From 10:00 a.m. to 4:00 p.m. on Saturday, February 17, 2018, the houses and grounds of Hawaiian Mission Houses will be open to the public free of charge. As with our 2 other open houses, historic house tours will be conducted every half-hour, with the first tour at 11 a.m. and the last tour at 3 p.m. The printing press will be continuously operated and interpreted with either the “Ho‘onani,” (Doxology) or the Hawaiian Primer, the first print struck in Hawai‘i, being printed all day for participants to take home. Activities on site will include some of those used in the HMH school program. For example one will emphasize the distance between Hawai‘i and the Eastern U.S. Another will offer the opportunity to create one’s own work on an individual mini printing press, and another will allow users to experience writing with a quill pen while copying a letter from one of the ali‘i from the HMH archives.

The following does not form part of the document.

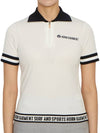 Women's Logo Short Sleeve PK Shirt White - HORN GARMENT - BALAAN 2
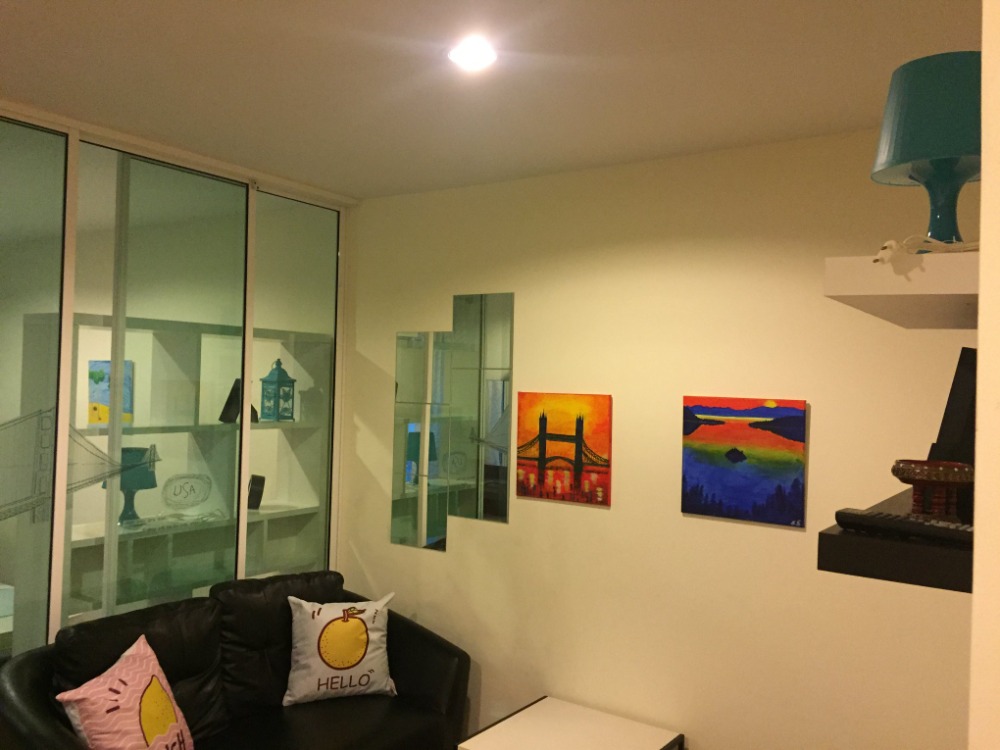 For RentCondoRattanathibet, Sanambinna : Fully furnished condo next to MRT purple line civic center station Nontaburi ready to move in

At 10 a.m. historic Kawaiaha‘o Church will conduct a special commemorative service and be joined by Royal Societies, Hawaiian Civic Clubs, and other organizations. Concurrent church services in Hilo and on the East Coast will also celebrate the life of ‘Opukaha‘ia and those who attend will learn about his role in inspiring the American Board of Commissioners for Foreign Missions (ABCFM) to send missionaries to Hawai‘i to bring Christianity. Audience may or may not choose to attend this service.

The Story of Mokuaikaua Congregational Church

The Story of Mokuaikaua Church booklet cover

The Story of Mokuaikaua Congreational Church is 32-page booklet I helped create over summer 2016. Mokuaikaua Church (www.mokuaikaua.org) is located along the waterfront in Kailua-Kona on central west shore of the Island of Hawai‘i. Here the first missionary party sent to Hawai‘i formally landed in early April 1820. Mokuaikaua is the “first-gathered” church in Hawaiʻi, and the “oldest-stand” church building in Hawaiʻi. Construction funded by Hawaiʻi Island Governor Kuakini (John Adams) in 1836 built the stone-and-mortar walled church that still stands today. The church is pictured in the cover illustration above, you can’t miss the church as it then towered over all the thatched hale and wood-frame western buildings of old Kailua town.

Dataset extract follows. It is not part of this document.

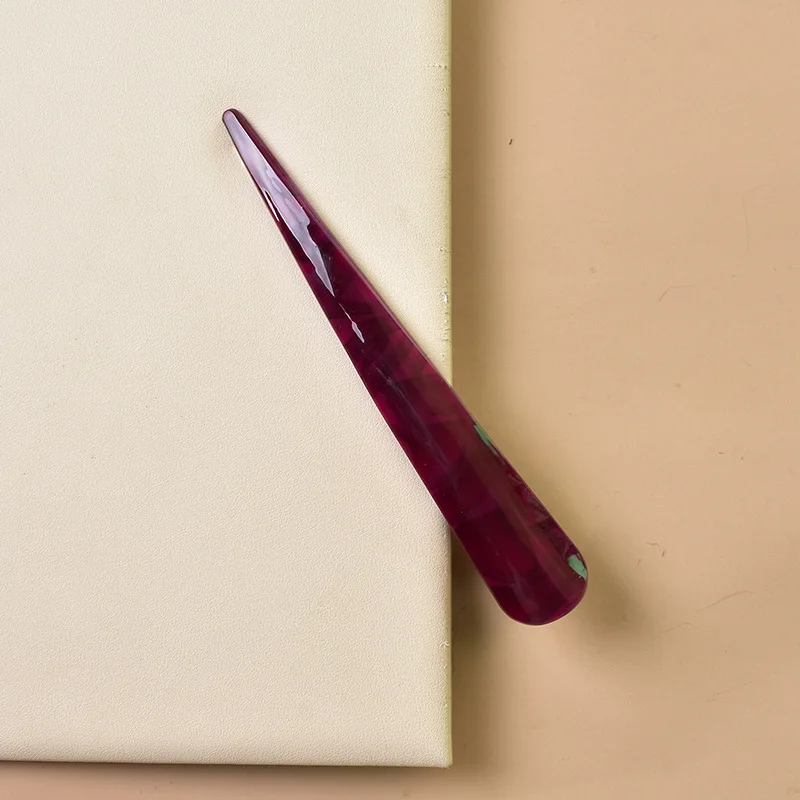 water ripples Durable Non-Slip Duckbill Acrylic Clips for Women Thick and Thin Hair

Mokuaikaua Church Historian Yolanda Olson wrote the main text of the booklet. I did the background research, editing, graphic design, photography. I contributed a section I call “A New England Church with a Hawaiian Heart.” This contribution details the dual, hybrid New England-Native Hawaiian architectural features found in the Mokuaikaua Church building.

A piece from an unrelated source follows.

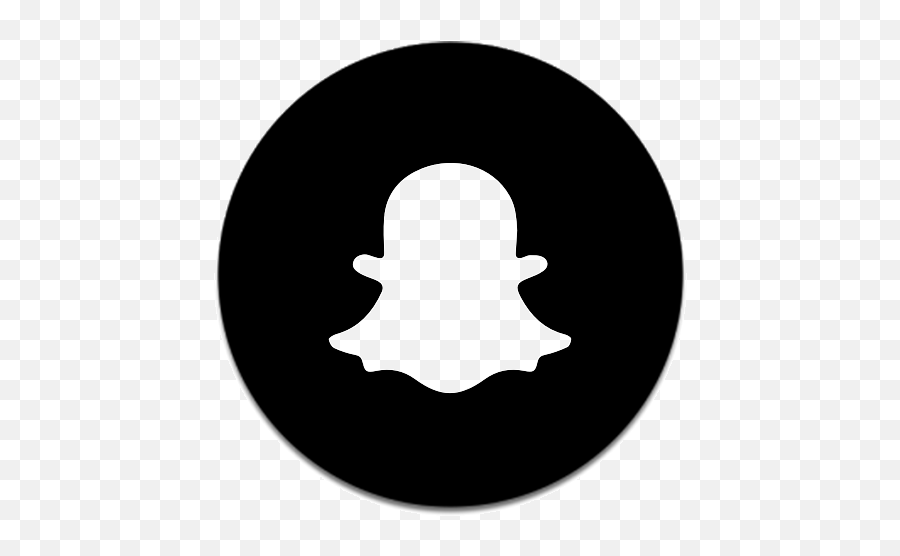 Snapchat Logo Png - Twitter Icon Png Circle Emoji,Silhouette Emoji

Proceeds from sale of The Story of Mokuaikaua Church are helping to raise funds for a $3 million restoration needed to make the historic church earthquake proof, to replace hardwood ʻōhiʻa beams that date back to the 1820s, and other repairs needed to preserve Mokuaikaua. Go www.mokuaikaua.org for more details.

Copies of the booklet are available at the Mokuaikaua Church in Kailua-Kona. Check on their website for contact information.

 

Moku‘aikaua – The First Gathered Church

Mokuaikaua-NPS-photo-shoot
A nationally-renowned historical documentary film company traveled to Moku‘aikaua Church in Kailua-Kona Sunday, August 7 for location filming. Great Divide Pictures of Denver is filming for several documentaries, each set at a National Park Service historic site on Hawai‘i Island. Moku‘aikaua, located along the waterfront in Kailua-Kona in leeward Hawai‘i Island, is located along an ancient, shoreline trail that is 175-miles long. Interpreted sections of the trail today are accessible to hikers and part of the Ala Kahakai National Historic Trail (). Moku‘aikaua is to be featured in the Ala Kahakai Trail feature.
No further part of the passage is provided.